A force d’interviews de spécialistes passionnants, certes, mais nous faisant passer d’une confidence sur la transmission du savoir d’un grand-père guérisseur à un garçon de huit ans,  de la relation de visions sous ayahuasca (plante hallucinogène), de l’alerte sur la déforestation…on finit par perdre  le fil.
A propos de fil, peut-être  manque –t-il un fil rouge: un narrateur  qui serait notre guide et non toutes ces voix aussi érudites, impliquées et précieuses soient-elles ? La piste narrative proposée initialement est prometteuse mais ne retrouve d’écho qu’en fin de parcours : raconter ces croyances sous la forme d’une légende qui se perpétue de générations en générations. Comme cet homme qui relate devant un feu une histoire se déroulant en Amazonie lors de la fête du village, quand des dauphins sortent du fleuve apparaissent en gringos et séduisent les filles du village.
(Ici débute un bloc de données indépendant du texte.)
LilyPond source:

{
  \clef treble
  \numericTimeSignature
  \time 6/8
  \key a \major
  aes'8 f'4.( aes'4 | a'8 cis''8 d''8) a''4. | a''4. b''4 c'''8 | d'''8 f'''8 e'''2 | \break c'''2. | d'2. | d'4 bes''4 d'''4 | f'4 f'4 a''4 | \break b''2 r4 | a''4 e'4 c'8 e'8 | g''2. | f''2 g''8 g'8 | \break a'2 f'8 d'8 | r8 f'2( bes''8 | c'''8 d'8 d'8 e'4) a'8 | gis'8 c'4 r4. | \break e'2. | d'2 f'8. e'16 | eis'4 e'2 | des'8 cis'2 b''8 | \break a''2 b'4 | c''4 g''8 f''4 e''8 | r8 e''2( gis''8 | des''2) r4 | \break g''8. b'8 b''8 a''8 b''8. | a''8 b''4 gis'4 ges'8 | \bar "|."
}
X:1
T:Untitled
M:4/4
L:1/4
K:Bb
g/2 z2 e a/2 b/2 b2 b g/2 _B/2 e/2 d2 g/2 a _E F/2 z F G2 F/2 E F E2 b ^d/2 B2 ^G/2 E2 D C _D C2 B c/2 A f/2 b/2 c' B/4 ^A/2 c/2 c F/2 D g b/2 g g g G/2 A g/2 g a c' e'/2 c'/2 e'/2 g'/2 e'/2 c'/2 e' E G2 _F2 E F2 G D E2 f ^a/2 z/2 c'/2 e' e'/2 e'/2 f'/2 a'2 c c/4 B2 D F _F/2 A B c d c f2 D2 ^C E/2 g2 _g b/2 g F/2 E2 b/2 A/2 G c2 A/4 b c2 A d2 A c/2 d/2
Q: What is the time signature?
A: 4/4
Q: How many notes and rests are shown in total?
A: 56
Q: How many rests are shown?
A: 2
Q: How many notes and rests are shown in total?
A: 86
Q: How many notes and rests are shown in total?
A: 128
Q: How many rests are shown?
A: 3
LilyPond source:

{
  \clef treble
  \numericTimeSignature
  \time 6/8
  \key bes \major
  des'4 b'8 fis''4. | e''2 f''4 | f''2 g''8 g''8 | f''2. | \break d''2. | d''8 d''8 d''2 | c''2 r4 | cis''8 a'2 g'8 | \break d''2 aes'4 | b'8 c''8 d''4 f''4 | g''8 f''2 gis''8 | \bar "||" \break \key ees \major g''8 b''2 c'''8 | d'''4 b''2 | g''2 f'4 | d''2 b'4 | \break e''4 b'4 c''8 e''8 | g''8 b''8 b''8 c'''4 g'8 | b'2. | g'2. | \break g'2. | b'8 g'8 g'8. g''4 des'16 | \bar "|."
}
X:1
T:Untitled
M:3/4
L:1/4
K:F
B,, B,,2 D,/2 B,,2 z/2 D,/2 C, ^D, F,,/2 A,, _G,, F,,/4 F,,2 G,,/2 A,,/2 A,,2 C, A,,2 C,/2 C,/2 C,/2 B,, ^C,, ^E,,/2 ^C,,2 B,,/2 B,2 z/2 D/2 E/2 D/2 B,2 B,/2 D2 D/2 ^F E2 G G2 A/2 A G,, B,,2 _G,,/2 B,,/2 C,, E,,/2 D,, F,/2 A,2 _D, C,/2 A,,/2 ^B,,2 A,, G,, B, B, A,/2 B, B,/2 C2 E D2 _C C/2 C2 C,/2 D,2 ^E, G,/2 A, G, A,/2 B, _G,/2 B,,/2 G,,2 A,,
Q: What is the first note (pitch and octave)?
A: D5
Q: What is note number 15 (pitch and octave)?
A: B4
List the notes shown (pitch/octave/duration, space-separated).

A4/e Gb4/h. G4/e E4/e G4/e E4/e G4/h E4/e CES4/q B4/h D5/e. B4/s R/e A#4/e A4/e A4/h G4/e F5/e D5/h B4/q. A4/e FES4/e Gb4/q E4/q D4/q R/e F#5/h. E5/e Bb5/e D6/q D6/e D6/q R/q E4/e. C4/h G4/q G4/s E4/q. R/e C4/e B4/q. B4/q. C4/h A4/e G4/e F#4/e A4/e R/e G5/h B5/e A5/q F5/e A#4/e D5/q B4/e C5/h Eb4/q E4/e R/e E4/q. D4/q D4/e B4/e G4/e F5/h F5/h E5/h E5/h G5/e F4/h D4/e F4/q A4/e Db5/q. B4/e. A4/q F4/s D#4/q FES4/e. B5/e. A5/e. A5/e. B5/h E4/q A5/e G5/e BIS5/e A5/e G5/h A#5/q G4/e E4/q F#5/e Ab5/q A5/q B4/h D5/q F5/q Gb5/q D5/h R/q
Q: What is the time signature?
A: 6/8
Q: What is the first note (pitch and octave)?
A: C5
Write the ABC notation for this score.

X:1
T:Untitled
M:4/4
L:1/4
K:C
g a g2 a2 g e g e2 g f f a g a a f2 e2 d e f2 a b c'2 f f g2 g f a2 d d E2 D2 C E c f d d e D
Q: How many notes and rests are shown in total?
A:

Le jour se levant ils doivent fuir la lumière du jour, perdent leurs chaussures qui se transforment en poissons, leurs chapeaux en raies, leurs montres en crabes, etc…      Retour au conte comme force de transmission, seulement lors des dernières minutes quand un des intervenants revendique la nécessité des mythes de la civilisation pour que le savoir survive.  Une belle piste qui aurait pu être davantage exploitée.  A la  légende des dauphins-gringos succèdent de beaux plans larges du paysage amazonien souvent appréhendés en travelling voiture et de saisissants gros plans sur des champignons, insectes, plantes…   Le premier entretien, celui d’un ayahuesquero résume toute la démarche vitale des cinéastes : ayant grandi dans la foret, sa mère lui appris à soigner avec  les plantes ; «  Je suis comme un porte-parole des plantes, ce sont elles qui m’enseignent » .

 

 

Tout l’enjeu fort du film est résumé ici: «  poursuivre les médecines sacrées, se souvenir du passé. » Comme le confirmera une membre du jardin botanique : « Ce sont les pays andins qui ont le mieux conservé la médecine traditionnelle ». Or, malgré une convention au Pérou visant à soutenir la médecine traditionnelle, elle est mise à mal par l’administration péruvienne, qui tronçonne les arbres précieux des forêts, démolit ses richesses, pris en étau entre une volonté de se développer et une autre de sauvegarder : garder ses trésors naturels et rester pauvre ou bien, s’enrichir au détriment de son patrimoine ancestral ? Tel est l’éternel dilemme.


 

Parfois pataud et dilué, ce plaidoyer pour la survie du savoir ancestral et des médecines naturelles a beau être n’en demeure  pas moins  touchant  et essentiel, de par sa dimension  politique indéniable : affres de la mondialisation, guerre de l’industrialisation : vidéos, nouvelles technologies… contre la médecine traditionnelle, le savoir des plantes. L’être humain viserait à donner accès à la connaissance, non par le pouvoir de plantes naturelles, mais via des canaux désincarnés, tel internet qui produirait des sortes de vidéo-manuels de médecine, la pédagogie virtuelle remplacerait l’expérience humaine.  En cela le travail de Nivet et Guerlotté est remarquable, les liens qu’ils ont tissé avec les autochtones sont indéniables. La transmission du savoir opère, nonobstant les quelques maladresses.
El gran Dragon se regarde avec un vif intérêt et nous éveille.